Building on momentum the Greek Ministry and the Hellenic Hydrocarbon Resources Management (HHRM) state company are currently promoting five new offshore areas in the Central Ionian Sea and South of Crete, as well as the onshore Mesohellenic Basin. Among other concepts, HHRM believe that the Western Hellenic napes, with known hydrocarbon potential, may extend further west in the Central Ionian Sea area and in the Southeast. South of Crete areas are believed to have both stratigraphic and structural plays in carbonates (possible Zohr analogue) and Neogene siliciclastics. The Mesohellenic Basin holds Eocene to Miocene stratigraphic plays and is gas prone. Interested parties can approach HHRM directly for open door discussions.
Greece appears to be emerging from the 2009 fiscal crash with a more stable economic and political environment and a competitive fiscal regime. These are important factors to why Greece is becoming increasingly desirable, highlighted further by recent geo-political tensions elsewhere in the Med between Cyprus and Turkey over disputed offshore boundaries. There are of course some downsides to Greece’s frontier acreage. With water depths ranging from 2,000m to 3,500m it will not be an easy environment in which to work. However, with the next frontier New Field Wildcat likely to be on Block 2 in three years’ time, it’s hoped further advances in this area and a higher oil price will enhance the region’s attractiveness for exploration investment.

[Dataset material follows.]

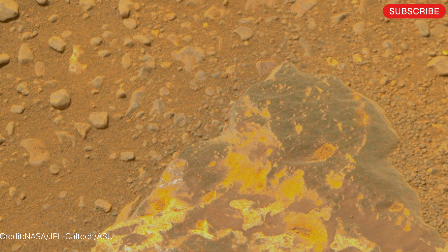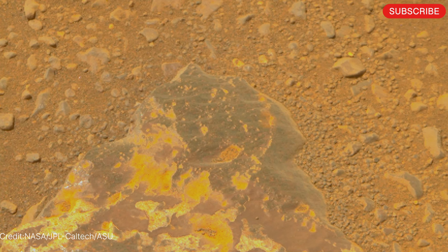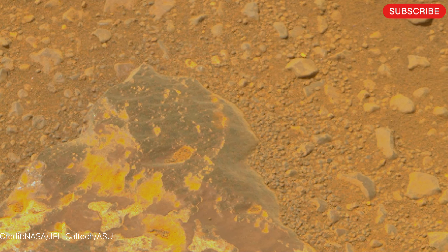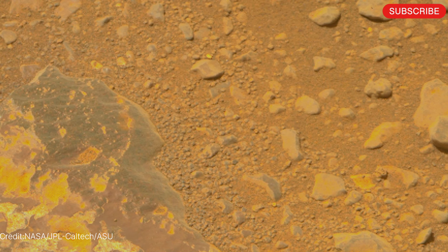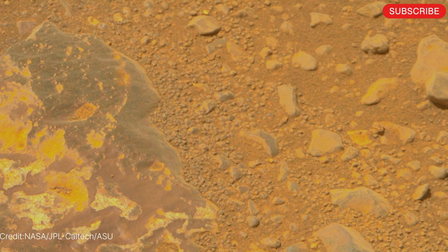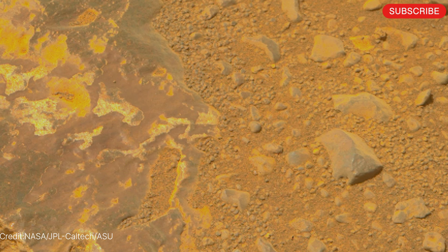Amazing Mars view acquired by Curiosity Rover. Clearly visible on this rock is more of the dark and purple surface coatings which covers the face of it, similar to desert varnish on Earth. Desert varnish coatings here on Earth are high in iron and manganese and almost always have traces of organic matter that on Earth have been associated with microbial life.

Greece’s location also works in its favor with a number of local pipelines already in place and two major developments upcoming. The first is the 878km Trans-Adriatic Pipeline (TAP) which is currently under construction and planned to connect with the Trans Anatolian Pipeline (TANAP) at the Greece-Turkey border. TAP will then cross Northern Greece and Albania to connect with the Italian Gas network. The pipeline will form part of the 1,800km Southern Gas Corridor with the South Caucasus gas pipeline. Installation permission to construct the pipeline in Greece was granted on June 8, 2016. The second pipeline project, in the pre-development stage, is the EastMed pipeline, which if completed, is designed to transport an initial 10 Bcm/y. The pipeline is planned to connect East Mediterranean resources from the Levantine Basin in offshore Cyprus and Israel to Europe via an interconnector from Greece to Italy. Not only will the planned pipelines increase ease of production locally from Greece but will also help to reduce Europe’s dependency on Russia for gas.
With the West Patraikos Gulf exploration well expected in 2019 and plans to drill the frontier acreage in the coming years, we still have to wait and see if Greece can deliver like its East Mediterranean neighbors.